The U.S. Court of Appeals for the Fifth Circuit ruled in favor of internationally successful hip-hop duo Macklemore & Ryan Lewis in a music sampling suit brought against them by New Orleans jazz musician Paul Batiste. Batiste v. Lewis, 19-30400 (5th Cir. 2020). The decision is notable for the Fifth Circuit's use of the "widespread dissemination" and "chain of events" tests to determine whether the defendants had access to Batiste's works, neither which approach it said it had previously expressly adopted. In the opinion, the 5th Circuit also weighed in on the controversial Sixth Circuit opinion in Bridgeport Music Inc. v. Dimension Films, 383 F.3d 390 (6th Cir. 2004), which held that any sampling — even if digitally altered — from a pre-existing sound recording is automatic copyright infringement.

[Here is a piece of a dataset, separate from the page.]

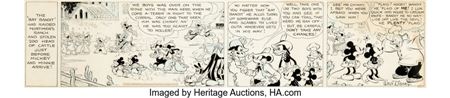 Floyd Gottfredson and Ted Thwaites (signed as Walt Disney)Mickey Mouse Daily Comic Strip Original Art dated 5-4-34 (King Features Syndicate/Walt Disney, 1934).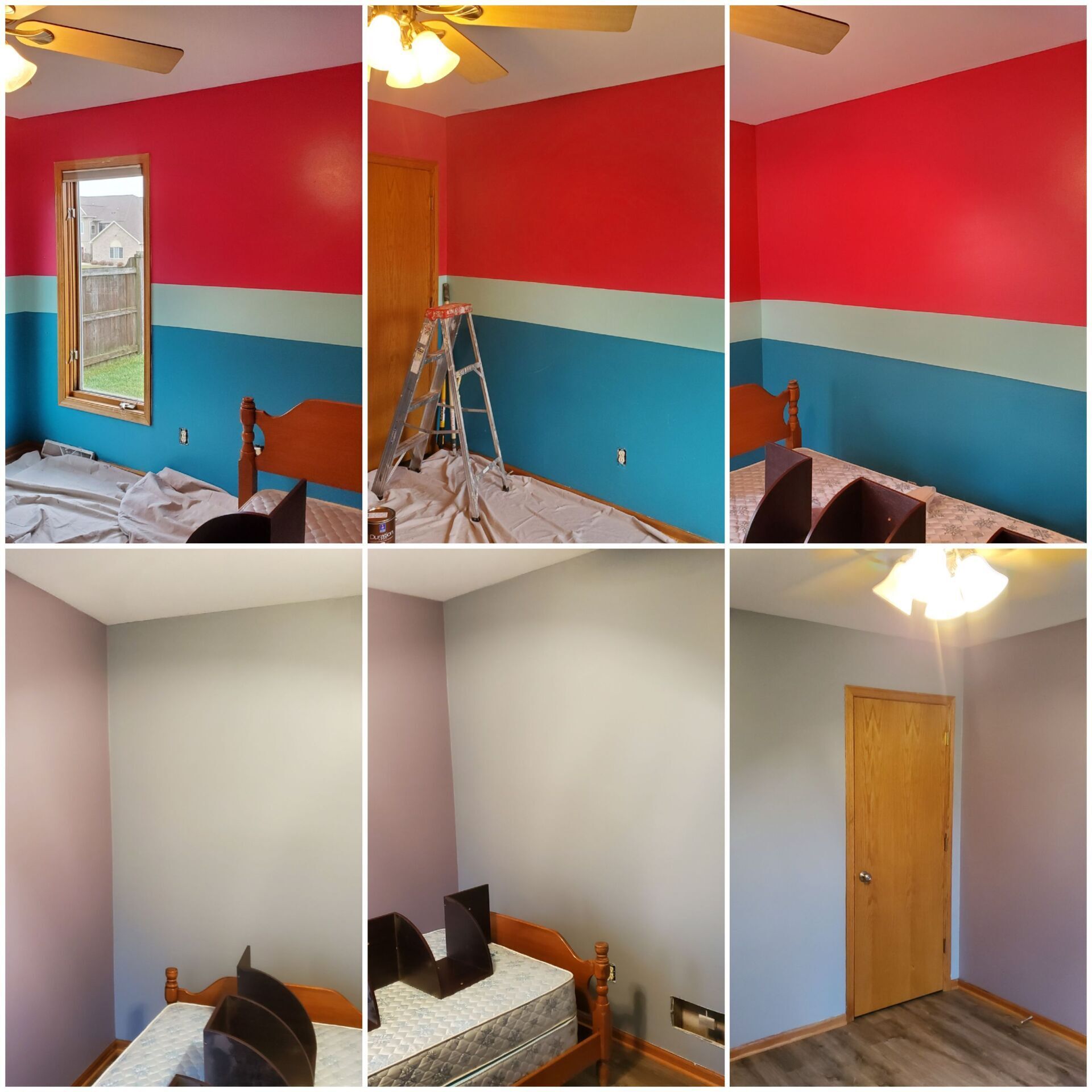 A collage of pictures showing a bedroom being painted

Batiste filed the copyright infringement complaint against Macklemore & Lewis over the alleged unauthorized sampling of 11 of Batiste's works in five of the defendants' recordings, including their debut hit "Thrift Shop," which sold over 10 million copies in the United States and has attracted more than 1.4 billion YouTube views. The U.S. District Court for the Eastern District of Louisiana granted summary judgment for the defendants.